About this exercise:
Take the lines below from the one with "ÇOK KOLAY GÜL" through the one with "De kaart Winkelen" and retype them exactly. Include nothing else, and no pictures.

Data provided:
------------------------

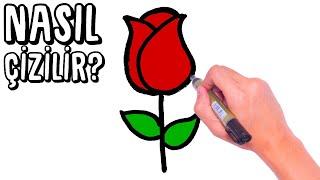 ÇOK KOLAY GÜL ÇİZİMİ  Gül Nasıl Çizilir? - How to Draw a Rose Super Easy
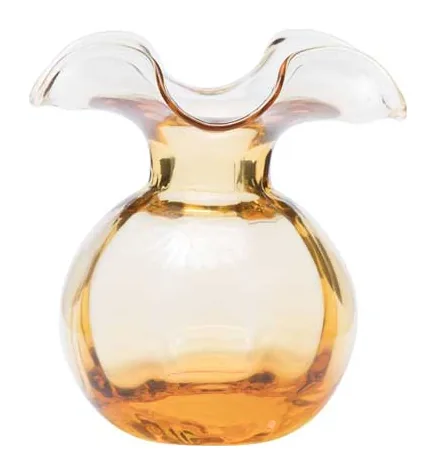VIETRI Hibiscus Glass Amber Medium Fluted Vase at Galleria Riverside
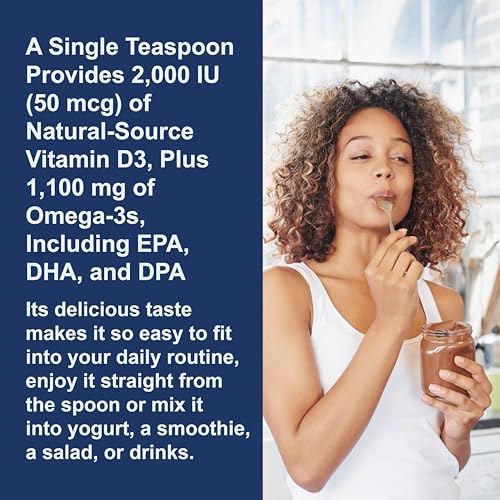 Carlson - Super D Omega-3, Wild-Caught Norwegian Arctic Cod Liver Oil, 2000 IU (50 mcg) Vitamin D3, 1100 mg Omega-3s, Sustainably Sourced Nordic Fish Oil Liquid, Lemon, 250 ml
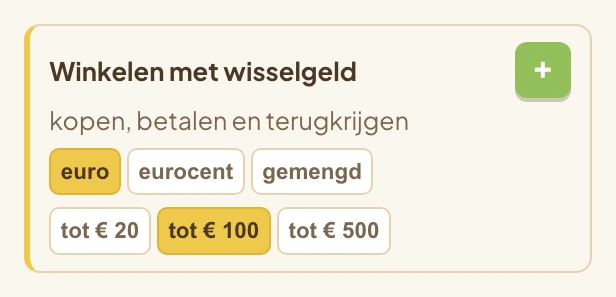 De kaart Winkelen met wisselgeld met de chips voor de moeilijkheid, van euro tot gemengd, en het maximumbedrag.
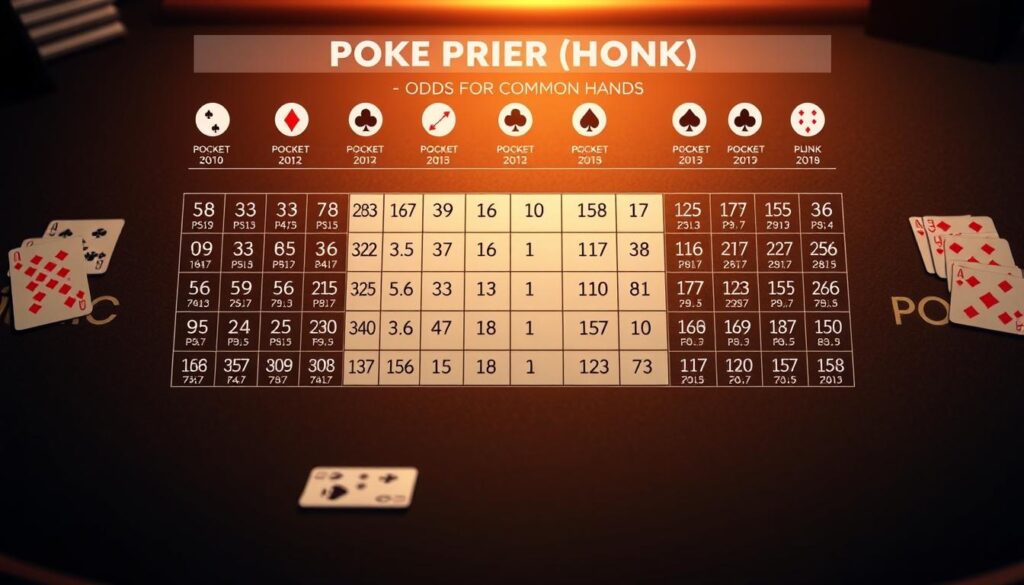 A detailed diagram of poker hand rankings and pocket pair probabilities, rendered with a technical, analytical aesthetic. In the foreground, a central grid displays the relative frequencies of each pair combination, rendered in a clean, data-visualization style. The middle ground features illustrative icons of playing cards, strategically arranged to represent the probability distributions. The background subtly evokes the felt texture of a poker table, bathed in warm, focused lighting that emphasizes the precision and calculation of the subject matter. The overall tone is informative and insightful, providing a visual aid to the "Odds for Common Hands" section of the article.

------------------------

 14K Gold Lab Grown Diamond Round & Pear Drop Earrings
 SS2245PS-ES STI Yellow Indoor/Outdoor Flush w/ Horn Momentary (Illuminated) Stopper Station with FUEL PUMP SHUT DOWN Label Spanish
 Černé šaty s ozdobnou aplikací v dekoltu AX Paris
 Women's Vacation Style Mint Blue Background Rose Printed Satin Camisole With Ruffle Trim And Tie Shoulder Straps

------------------------

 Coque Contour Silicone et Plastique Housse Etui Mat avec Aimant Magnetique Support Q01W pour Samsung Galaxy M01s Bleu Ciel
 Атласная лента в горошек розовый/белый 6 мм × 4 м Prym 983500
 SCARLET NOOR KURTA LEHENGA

------------------------

Solved exercise:
 ÇOK KOLAY GÜL ÇİZİMİ  Gül Nasıl Çizilir? - How to Draw a Rose Super Easy
VIETRI Hibiscus Glass Amber Medium Fluted Vase at Galleria Riverside
 Carlson - Super D Omega-3, Wild-Caught Norwegian Arctic Cod Liver Oil, 2000 IU (50 mcg) Vitamin D3, 1100 mg Omega-3s, Sustainably Sourced Nordic Fish Oil Liquid, Lemon, 250 ml
 De kaart Winkelen met wisselgeld met de chips voor de moeilijkheid, van euro tot gemengd, en het maximumbedrag.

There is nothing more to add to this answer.